Sen. Dawn Euer (D-Newport), who sponsored the Act on Climate, said she’s seen the state’s Coastal Resources Management Council and Attorney General’s office cite the law in the last few months. And the Energy Facility Siting Board, a state panel that regulates the construction of energy infrastructure, brought the law up in a recent hearing on a proposed liquefied natural gas facility in Portsmouth.
“It was very exciting,” Euer said. “Consideration of climate shouldn't be like an add-on to what agencies are doing, it needs to be incorporated into agencies’ decision making and thinking.”
Euer said it finally feels like the state has moved on from debating whether climate change is really happening, and is starting to focus on taking action. And she plans to introduce legislation aimed at cutting greenhouse gas emissions in the coming year.
Even so, she said, “we're not moving fast enough.”
The cost of delay
A coalition of environmental advocates has been pushing the state to get the ball rolling since this summer. In a July letter to McKee and other state officials, the coalition urged the state to take a couple first steps by Labor Day, including setting a timeline for updating the plan, outlining opportunities for public comment and assigning staff to lead the effort.
They also presented their recommendations to the EC4’s Advisory Board in August.
“We were hoping around this time now stakeholders would have already begun the process of meeting with state staff,” said De La Cruz, one of the authors of the letter. “But we don't yet know what the timeline will be to implement the Act on Climate or what the process will be like.”
Gray said that one reason the EC4 hasn’t met since June is due to changes in leadership. The McKee administration had to get on its feet, while dealing with the pandemic. And Gray took the helm when his predecessor, Janet Coit, left to lead the U.S. fisheries office during DEM’s busy summer season.
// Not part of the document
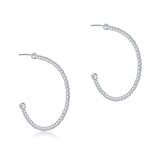 eNewton Design 26 EBECL125PHSSx Beaded Classic 1.25" Post Hoop - Sterling - 3 Sizes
Hank Webster, co-author of the letter and Rhode Island Director at the Acadia Center, said he hopes the EC4 meeting Thursday “serves as an opportunity to really kick off what will be a more aggressive planning process to update the state climate plan.”
But advocates worry that any delays will cause the process to be rushed later on.
With a complicated, economy-wide policy challenge like emissions reductions, “if you're leaving things off to the last minute, you're kind of asking for hiccups to come up at a time when you don't really have time to deal with them,” said James Crowley, a staff attorney with the Conservation Law Foundation in Rhode Island.
He said colleagues in Maine and Vermont have seen unexpected complications rush the emissions reduction planning process in those states.
And the longer Rhode Island waits to change policy, the more difficult it will be to meet the 2030 mandate.